ProzacIsBack posted...

You're quibbling over semantics now.

Rephrased as "is he the better player?", the answer is no.

If the question is "did the game pop up with Winner! and score him a point?", the answer is obviously yes; without consistency, however, who gives a ****.

The circumstances in which a lesser player can sneak out a win against overall much better players have been explained.

(which has nothing to do with pr rog 'cause rog is gdlk)

There is a massive difference between if someone 'deserved' a win and if 'is he the better player'. This has the trappings of what is called a 'straw man argument', in which you choose a different (more winnable) argument to attack instead of the one presented. But I don't really view this as an argument, as you no doubt do, because my post didn't require a response. It simply was a statement of fact.

This does however remind me of another problem, one that is of the same subordinate type (strategic consistency problems in choice systems).
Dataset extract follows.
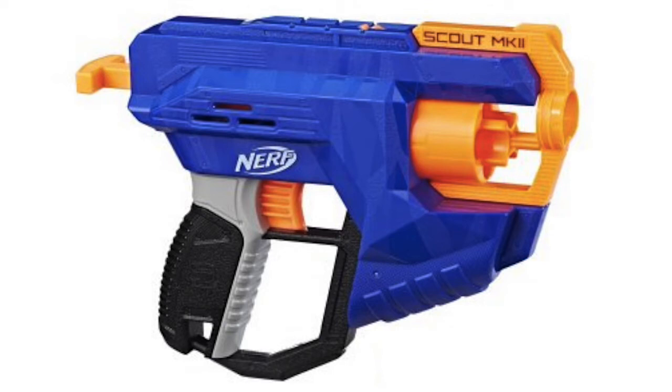So you will be able to easily hide it — even if you have bigger pockets you can put this in, or in a holster, or just hang it on your side. Just take it to the war and win some wars with it. It's going to come with the elite darts which will have the foam body and the orange head.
Some 2 or 3 years ago when I was writing a text book on the subject, an interesting part of optimization was determining the weight of chance of success versus effectiveness of success. There are several other factors you have to take into account (binary outcomes versus variable outcomes, intensity of information stream, information availability, historical choice pattern, etc), but these two are enough to demonstrate the basic idea.

Essentially, the chance of success can be interchanged for effectiveness success only relative the sample size required of performance.
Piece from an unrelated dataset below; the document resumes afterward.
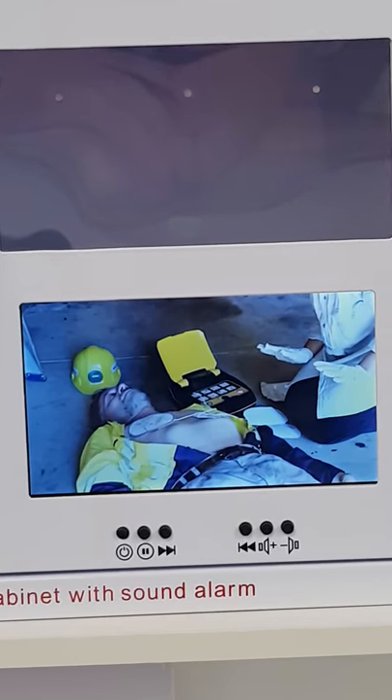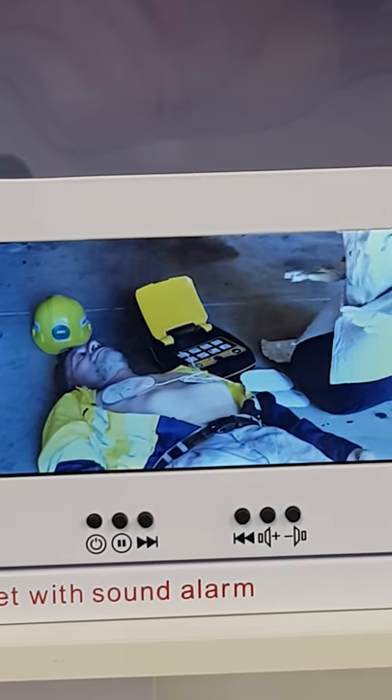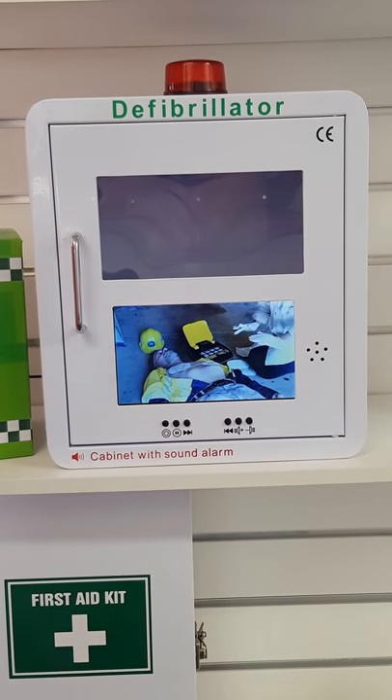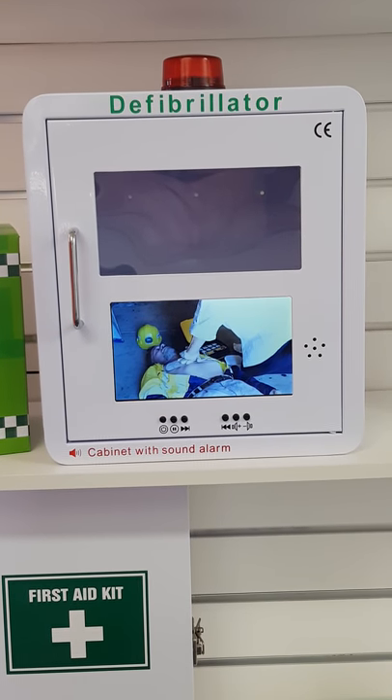Press the red flashing button. Shock delivered. It is safe to touch the patient. If no response, begin CPR. Let's go.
Let's say you are playing a game with a coin toss that can be tuned to give % outcomes on command. In this game, if the coin comes up heads, you get points, and tails, your opponent gets points. First one to some number of points will win.

Now if I gave you some options, which were:

1. 85% heads chance, 1 point for heads, 2 for tails. 10 points

2. 75% heads chance, 1 point for heads, 2 for tails, 1000 points.
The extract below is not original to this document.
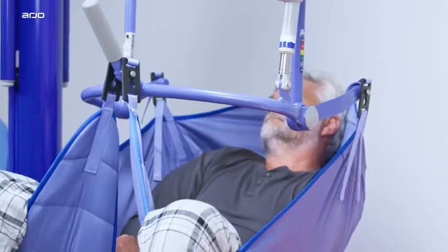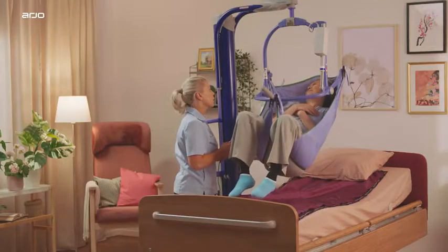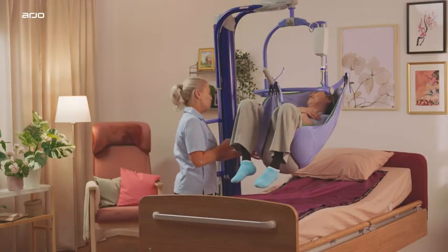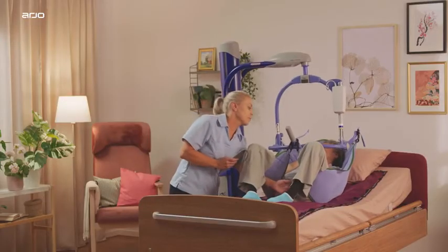The angle of recline can be adjusted for more comfort — press the image of the laying person to recline the PDPS. When lowering the patient back down, use the hand control to put the patient into a position that aligns with their destination. This minimizes lifting strain for the caregiver and ensures comfort for the patient or resident.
In the first example, that seems like an easy one, you will win most of the time. In fact, if we lowered it to 66% it would come out about even, you winning half the games, him winning half the games.

In reality 85% has some inefficiency built in. The reason is its a 10 game sample with a opponent that needs to score half of what you have, you really only need about 82% to win convincingly. Many systems in life have the ability to reduce the chance of success for increased effectiveness of success, so here we can actually sacrifice 3% for some increase in points (assuming ceteris parabis, and that there isn't some choice that has better odds AND better effectiveness, we would just call that the better choice).

In the second example, we have a similar problem, but here with the 100 game sample, we actually would need about 79% to win convincingly. So we are short 4% here.

Just something to think about.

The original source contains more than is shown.